Oct 15, 2012

Horses Get West Nile Protection, Humans Don’t. Why? Money

Byron Chism goes through the process of identifying the sex, species and count of the captured mosquitoes at Dallas County Mosquito Lab to test some of them for West Nile virus. Photo by Evans Caglage/The Dallas Morning News.


By Cortney Coleman
For Reporting Texas and the Dallas Morning News

AUSTIN — If you were a horse, you could be vaccinated against the West Nile virus that has killed more than 160 people this year nationwide.

The reasons: It’s a lot easier to get vaccines approved for horses, and vaccinating horses is profitable for drug makers. Vaccines for humans must clear a long, expensive gantlet of testing and approvals through the Food and Drug Administration, and drug manufacturers haven’t regarded the human market as a place to make enough money to justify producing a vaccine.

This year’s outbreak is the worst in recent decades, and it centered on North Texas, with more than 80,000 estimated infections in the region. Most cases were not serious, but hundreds were, and in Dallas County, 16 deaths were reported.

The severity has revived interest in protecting people from West Nile, but it will be years until a human vaccine hits the marketplace, assuming it ever does.

“The first problem is market, and the second is technical challenges,” says Elliot Parks, chief executive of Hawaii Biotech, which is working on a human vaccine. “But most companies blame the market before anything else.”

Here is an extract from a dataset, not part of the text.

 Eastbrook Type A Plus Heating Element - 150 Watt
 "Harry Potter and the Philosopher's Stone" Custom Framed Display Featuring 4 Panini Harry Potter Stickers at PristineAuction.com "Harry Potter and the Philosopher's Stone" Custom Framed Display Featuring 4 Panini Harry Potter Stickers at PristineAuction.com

West Nile arrived in the U.S. in 1999 and is transmitted by mosquito bites. Horses and humans have been the main victims.

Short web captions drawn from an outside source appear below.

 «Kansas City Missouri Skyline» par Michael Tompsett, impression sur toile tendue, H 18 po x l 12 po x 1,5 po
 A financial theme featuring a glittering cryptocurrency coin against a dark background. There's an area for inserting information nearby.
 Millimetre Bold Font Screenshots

According to the American Association of Equine Practitioners, more than 25,000 cases have been recorded. The Centers for Disease Control and Prevention says more than 30,000 humans have caught the potentially fatal disease in the same period.

Four horse vaccines have been approved by the U.S. Department of Agriculture, and the vaccine is a “core” medication recommended for all horses, according to the USDA’s Animal and Plant Health Inspection Service.

After a spike in West Nile cases in 2003, several companies began working on human vaccines, but later dropped the projects because they weren’t considered profitable. According to the CDC, almost 7,000 people caught the disease that year, and 264 died.

Crucell N.V., a Dutch biotech firm, scrapped its vaccine in 2008 because it wasn’t “as attractive as other products in Crucell’s pipeline,” the company said at the time.

The CDC concluded in a 2006 “cost-effectiveness” study that universal human vaccination against West Nile wouldn’t save money “unless disease incidence increases substantially over what has been seen in the past six years.”

The current outbreak coincides with near-perfect conditions for mosquitoes in some areas, and it’s difficult to say when that will happen again or where an outbreak will strike. This year, nearly 70 percent of cases have come from eight states — Texas, California, Louisiana, Mississippi, South Dakota, Oklahoma and Illinois. Texas accounted for a third of all cases.

“That’s a challenge for West Nile,” said CDC epidemiologist Ingrid Rabe. “It goes up and down every year and has a very unpredictable nature. So it’s hard to say if it will recur every year.”

At least two companies are moving ahead with a human vaccine. Sanofi Pasteur USA is testing a vaccine called Chimerivax-WNV, and Hawaii Biotech is hoping to develop its vaccine for older people who might be more vulnerable to the virus. Even if both companies stick with their projects, it will be years before humans have the same protection as horses.

“The vaccine development process is a lengthy one, often lasting 10 to 15 years,” Rabe said in an email.